01. 11. 2010.

PORTRAIT 4 - Lydia Ziemke

 

Lydia Ziemke was born in 1978 in Potsdam, East Germany. Her early childhood, spent under regime of GDR, is still very important to her. Her parents, who were both doctors, were never bothered by the regime because of their profession. Since then, what she keeps from this period of her life is that “it instilled in [her] that kind of sense that we’re working together on something, you have a responsibility towards the persons you are living with”. There she also experienced a strict school where she learnt Latin, Greek and humanistic ideas, which, according to her, also had much influence on the stage director she became.

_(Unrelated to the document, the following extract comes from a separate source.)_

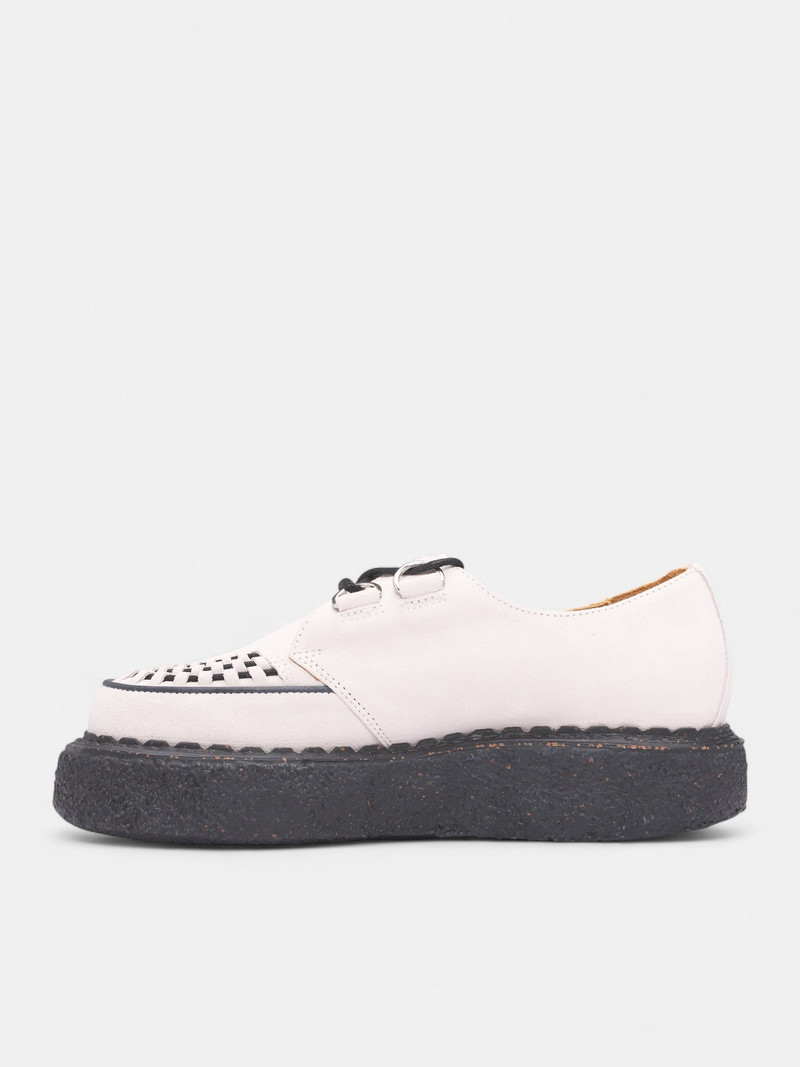 Maison MIHARAYASUHIRO David White Suede Creeper Shoes outlook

 She began work in theatre in the Youth Theatre of Potsdam, at the age of 12. At that time, she had already gone into engaged theatre. The main subject she and her colleagues tackled was consumerism. “We were kind of punk, we made shows against selling, you know, all the clichés you can possibly imagine.” She even had the opportunity to be employed as an extra. She enjoys remembering a Faust play in which she played a witch and all the beautiful dresses she had the opportunity to wear.

 She finally decided to leave for Scotland to pursue her studies. A difficult family situation and the urge to discover other places, other languages, and other literatures led her to leave Germany. In Edinburgh, she continued studying Latin and Greek, particularly the dramaturgy of origins of theatre which, she says, still have a big impact on her work.

 One year after her arrival in Scotland, she had the opportunity to take over a theatre company. Together with a friend, she led this semi-professional troupe for four years. And still, criticism of the society was their motto. Even if, according to her, it had hardly any impact on the Scottish audience. “I found it really painful that nobody reacted”.  During this period, she managed, with a very small amount of money, to organise the “premières” of Thomas Ostermeier, a German stage director whose performances had a great influence on her.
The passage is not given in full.